I will set out now count number one, the first of the
registrar charges. The others are in exactly the same terms but with a
different name. I am quoting not from the indictment but from the summons.
The first charge is that the accused, during the month of
January 1958, at the City of Regina, did counsel another
person, to wit, one Edward Joseph Leier to commit the
offence of perjury, which offence was afterwards committed by the said Edward
Joseph Leier at the examination before the Registrar of
the Saskatchewan Securities Commission held pursuant to s. 13 of The
Securities Act, 1954, on the 23rd day of January, A.D. 1958, by swearing
falsely to the following effect:
(a) that he did not make
certain representations to prospective purchasers of shares in Columbia Metals
Exploration Co. Ltd., including statements regarding the listing of the shares,
the resultant increase in the price of the shares, the financial position of
the said Company, and its association with other companies, including the Ford
Motor Company, and
[Page 42]
(b) that the information
contained in the said representations was not given to him by Walter Luboff,
and
(c) that he could not
remember certain facts which he did actually remember,
while knowing the same to be false and with intent to
mislead the said Registrar contrary to the Criminal Code, and did
thereby become a party to the said perjury by virtue of 22(1) of the Criminal
Code.
When the Registrar charges became the first seven counts in
the indictment the application to quash was based on the same argument that has
been addressed to me on this motion for habeas corpus. Its outlines are set out
in the Notice of the application.
The argument is that there is no offence at law shown in
these counts, because the examination before the Registrar of the Saskatchewan
Securities Commission which he is said to have held under s. 13 of The
Securities Act, 1954, is not a judicial proceeding within s. 112 of the Criminal
Code. Section 112 of the Criminal Code reads:
Every one commits perjury who, being a witness in a judicial
proceeding, with intent to mislead gives false evidence, knowing that the
evidence is false.
"Judicial proceeding" is defined in s. 99 of the
Code. I think the only subsection that I am concerned with is para. (iv) of
subs. (c), which reads:
(c) "judicial
proceeding" means a proceeding
* * *
(iv) before an arbitrator or
umpire, or a person or body of persons authorized by law to make an inquiry and
take evidence therein under oath,
* * *
I next set out s. 13 of The Saskatchewan Securities Act, which
reads:
13. The registrar may and shall when so directed by the
commission require any further information or material to be submitted by any
applicant or any registered person or company within a specified time and may
require verification by affidavit or otherwise of any information or material
then or previously submitted or may require the applicant or the registered
person or any partner, officer, director or employee of the registered person
or company to submit to examination under oath.
[Page 43]
Counsel for the applicant submits that this section does not
authorize the registrar to make an inquiry or examination. His argument is that
if it did so authorize the registrar the concluding words of the section would
be, not "to submit to examination under oath" but "to submit to
examination under oath before him".
That is reducing the argument to its simplest elements. The
answer that is made by the Crown to it is that the plain meaning of the section
is that the registrar has this power to require the named person, in this case,
to submit to examination under oath and that the section cannot mean anything
else but submit to examination under oath before him.

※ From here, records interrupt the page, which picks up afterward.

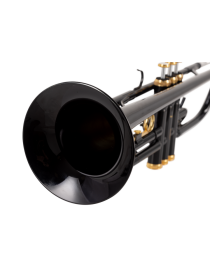 TROMPETA J.MICHAEL TR430CBK SIb NEGRA.COMPLETO CON ESTUCHE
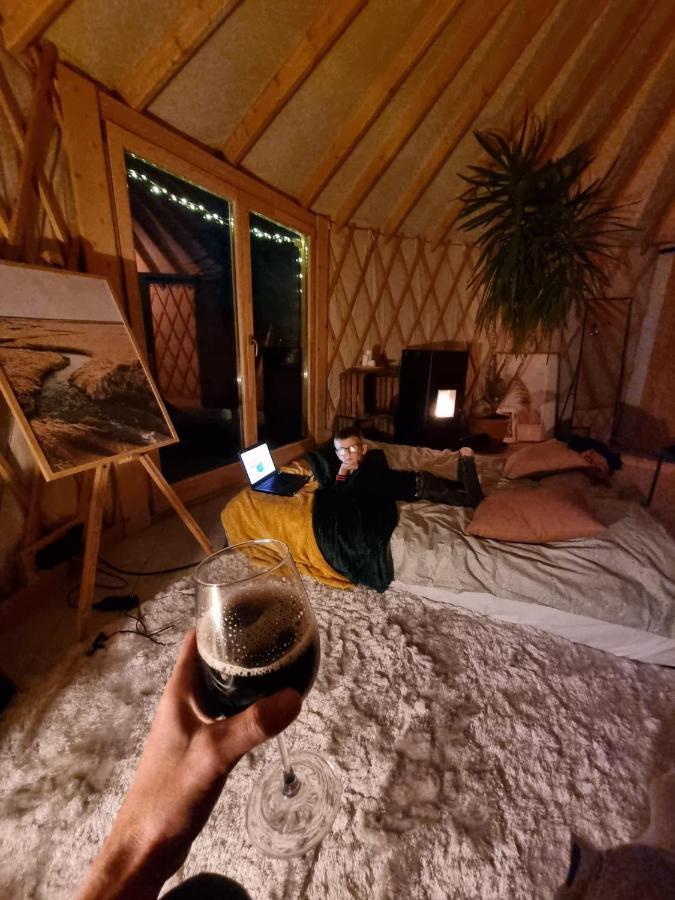 Jurty Glamping Otel Gostynin Dış mekan fotoğraf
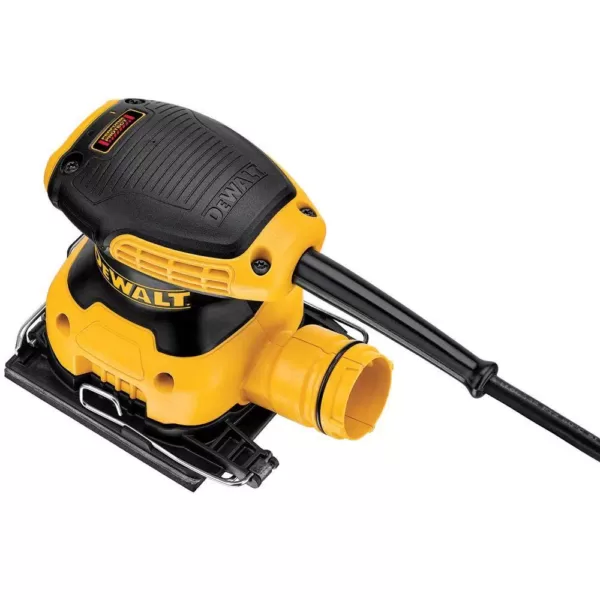 DEWALT 2.3 Amp 1/4 Sheet Sander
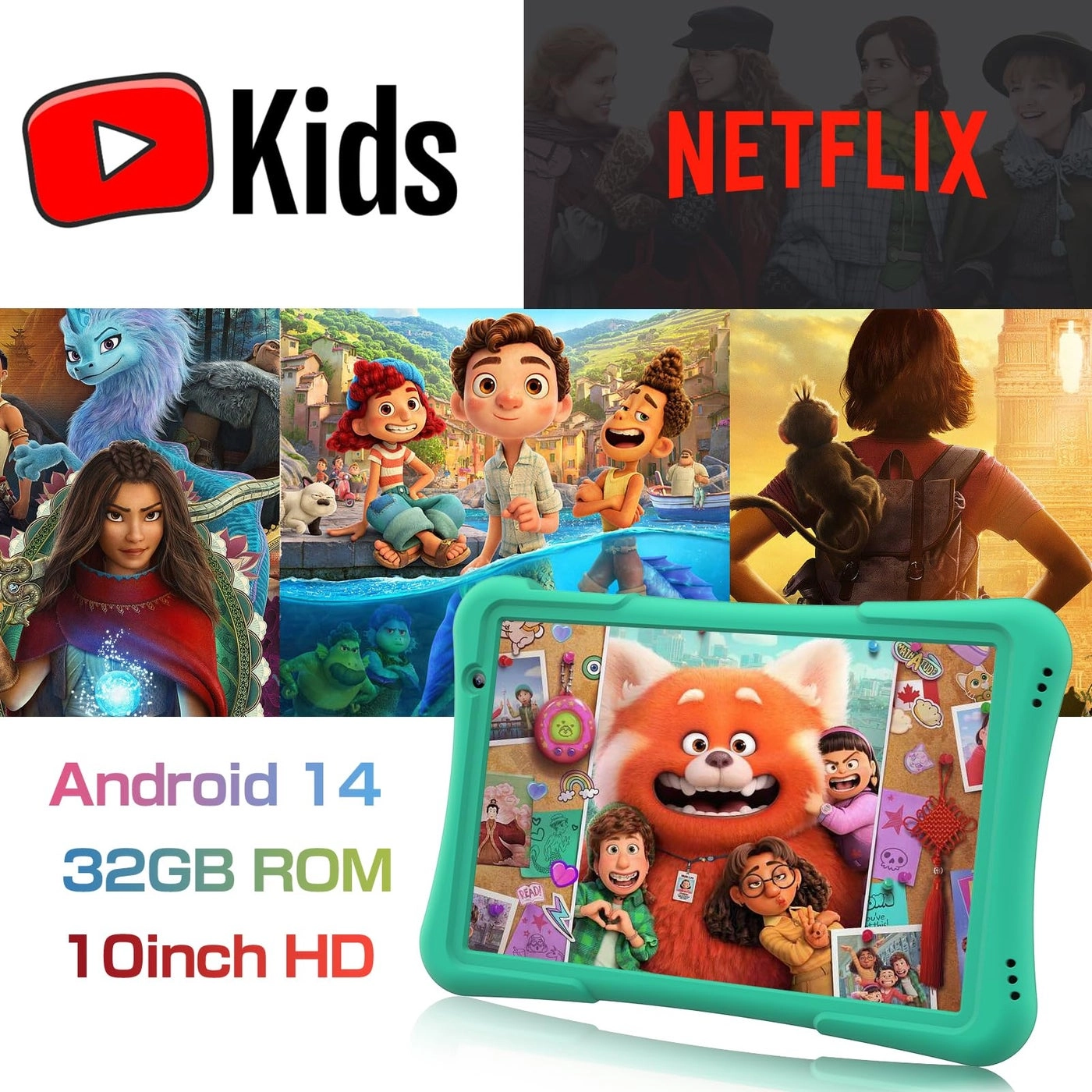 Kids Tablet - 2GB 10 inch 64GB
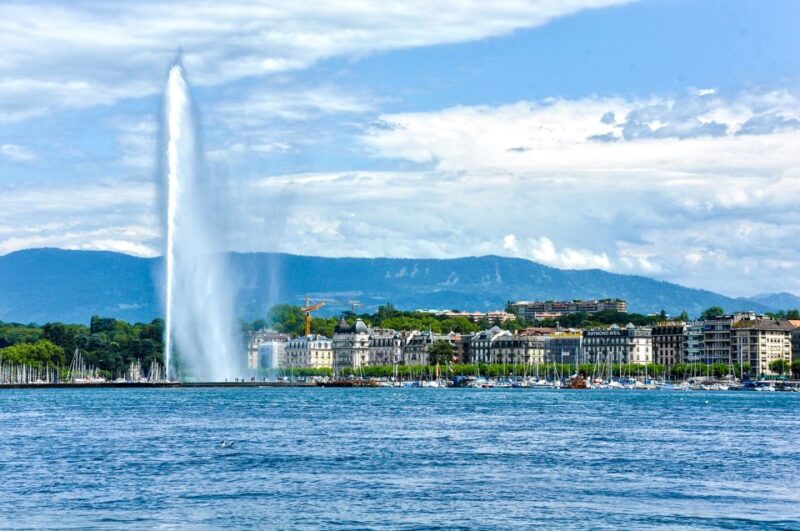 Geneva: 50-Minute Lake Geneva Cruise - Itinerary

Two other parts of the Act are referred to in support of
that argument. The first is s. 2(5) (f), which defines
"fraud", in part, as
the making of a material false statement in any application,
information, material or evidence submitted or given to the commission or the
registrar under the provisions of this Act or the regulations, or in any prospectus
or return filed with the commission;
The subsection that I have just read, it is argued,
contemplates the giving of information, material or evidence to the registrar.
Section 65(1) (c) is also relevant. It provides:
65. (1) Every person, including any officer, director,
official or employee of a company, who is knowingly responsible for
* * *
(c) the making of any
material false statement in any application, information, statement, material
or evidence submitted or given under this Act or the regulations to the
commission, its representative, the registrar or any person appointed to make
an investigation or audit under this Act;
I have no doubt, after listening to the two arguments
and the reading of the sections that I have already mentioned, that the
registrar has the power under s. 13 to take evidence and to take evidence under
oath.
That was Mr. Justice Disbery's opinion when he dismissed the
motion to quash, and it is also my opinion.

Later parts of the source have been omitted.